Ricordando i 72 morti, di cui 28 minorenni, gli 80 sopravvissuti e i 3 scafisti arrestati, il titolare del Viminale ha ripercorso le ore del naufragio, senza tralasciare i particolari più crudi. Partita tre giorni prima dalla Turchia, la barca raggiunge il mar Jonio nel pomeriggio di sabato 25 febbraio e viene visualizzata da un aereo di Frontex, ma gli scafisti fermano la navigazione per evitare di sbarcare di giorno con il rischio di essere intercettati dalle forze dell’ordine.

«La segnalazione Frontex circa l’imbarcazione non rappresentava una situazione di pericolo e non c’erano state chiamate di soccorso di nessun genere», ha detto Piantedosi. Quel che succede tra quei momenti e il naufragio è cronaca. Il meteo peggiora, il mare s’ingrossa e le due motovedette della Guardia di Finanza uscite per verificare la situazione della barca rientrano perché impossibilitate a proseguire. Le opposizioni da giorni chiedono perché a questo punto non sono uscite le motovedette della Guardia Costiera, che potrebbero navigare anche con il mare forza 8, e Piantedosi lascia intendere che il motivo è che nessuno aveva segnalato la barca in pericolo, ma l’impossibilità di proseguire per i mezzi della Guardia di Finanza avrebbe dovuto far accendere qualche lampadina. Che invece non si è accesa, fino al naufragio.

«Tornando ai racconti dei sopravvissuti, la navigazione era proseguita fino alle 3.50 quando, a circa 200 metri dalla costa, erano stati avvistati dalla barca dei lampeggianti provenienti dalla spiaggia e a quel punto gli scafisti, temendo la presenza delle forze dell’ordine lungo la costa, effettuano una brusca virata nel tentativo di cambiare direzione per allontanarsi dal quel tratto di mare - spiega il ministro - In quel frangente, la barca, trovandosi molto vicino alla costa e in mezzo a onde alte, urta, con ogni probabilità, il basso fondale, una secca, e per effetto della rottura della parte inferiore dello scafo, comincia ad imbarcare acqua». Qui il racconto si fa più crudo. «Sempre sulla base delle dichiarazioni dei superstiti, a quel punto due degli scafisti si buttano in acqua, mentre un terzo viene fermato dai migranti, per impedirgli di lasciarli soli sulla barca incagliata - continua Piantedosi - molti altri migranti, nel frattempo, salgono sul ponte in cerca di aiuto e lo scafista rimasto a bordo, approfittando del momento di caos, riesce ad abbandonare la barca su un gommone di piccole dimensioni e a far salire poi gli altri due scafisti per dirigersi verso la costa: in quel preciso momento una forte onda capovolge la barca di legno e tutti i migranti cadono in mare mentre la barca viene distrutta».

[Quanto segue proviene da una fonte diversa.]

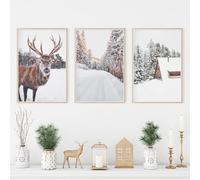 Impressions D'Art-Tableau Abstrait D'Hiver Avec Forêt de Pins Enneigée et Maison de Cerf sur Toile Affiches et Impressions Nordiques pour la Décoration Murale du Salon-50*60cm*3PCS (Non encadré)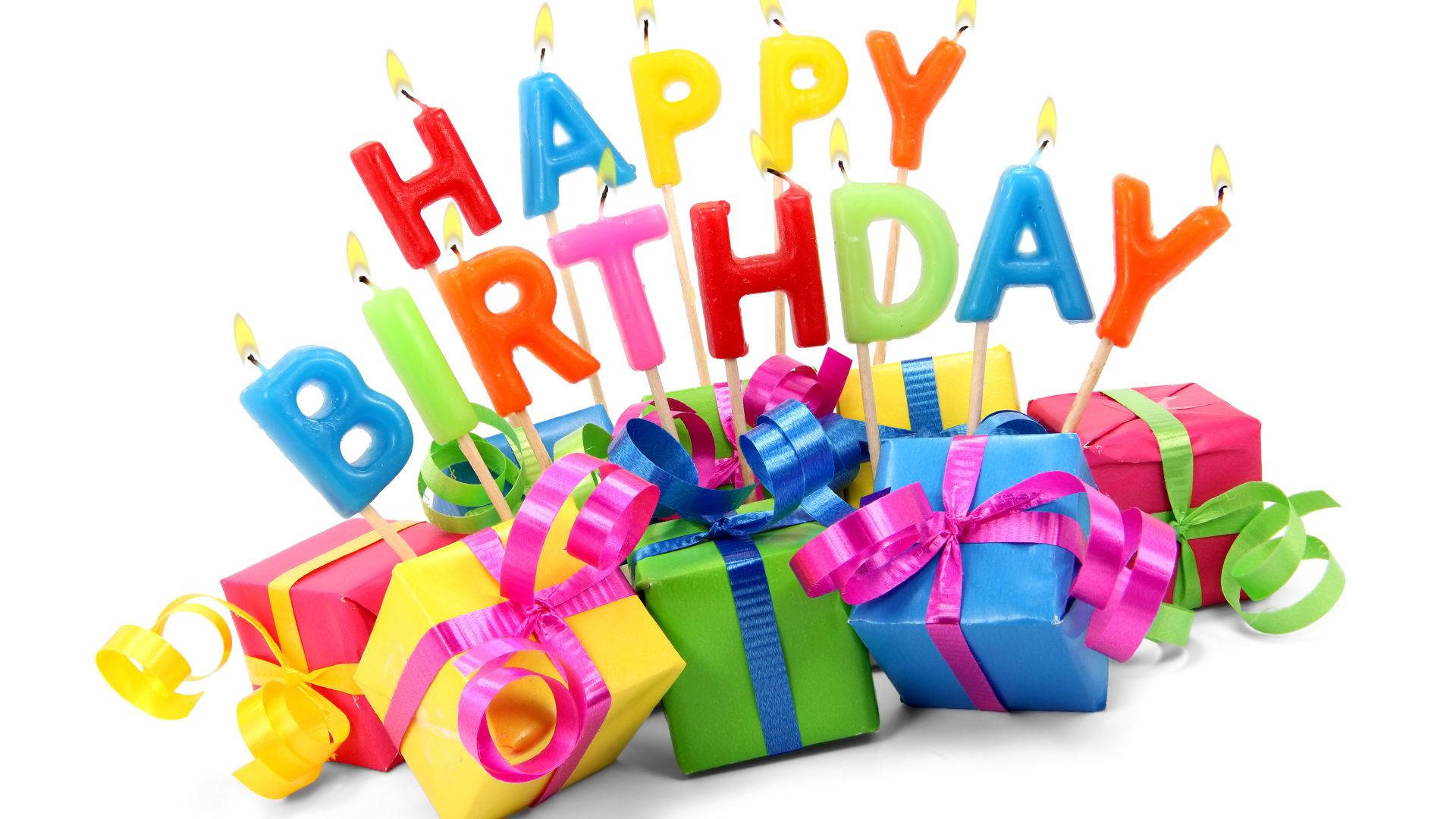 Happy Birthday, colorful birthday candles, wrapped gifts, Full HD Desktop Wallpaper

E ancora. «Pochi minuti dopo le 3.55, sull’utenza di emergenza 112 giunge una richiesta di soccorso telefonico da un numero internazionale - aggiunge Piantedosi - questo il momento preciso in cui, per la prima volta, si concretizza l’esigenza di soccorso per le autorità italiane». La difesa del governo si basa tutta su questo punto: fino a quel momento, secondo il ministero dell’Interno, non c’era necessità di intervenire, e quindi nessuno è intervenuto.

Poi il ministro dell’Interno passa al contrattacco. «Sostenere che i soccorsi sarebbero stati condizionati o addirittura impediti dal Governo costituisce una grave falsità che offende, soprattutto, l’onore e la professionalità dei nostri operatori impegnati quotidianamente in mare, in scenari particolarmente difficili», incalza. Ma il clima in Aula si scalda, fino a diventare incandescente quando Piantedosi parla della conferenza stampa a Crotone, il giorno dopo il naufragio. «Alla gravità di questa condotta criminale facevo riferimento quando, con commozione, sdegno e rabbia e negli occhi l’immagine straziante di tutte quelle vittime innocenti, ho fatto appello affinché la vita delle persone non finisca più nelle mani di ignobili delinquenti, in nessun modo volendo colpevolizzare le vittime - spiega - Mi dispiace profondamente che il senso delle mie parole sia stato diversamente interpretato». Dai banchi delle opposizioni si alzano grida di «vergogna» e poco dopo la scena si ripete in Senato. Il risultato è che il governo respinge la richiesta di dimissioni e le opposizioni rimangono sul piede di guerra, mentre il mare davanti a Steccato di Cutro continua a restituire i cadaveri di uomini, donne e bambini.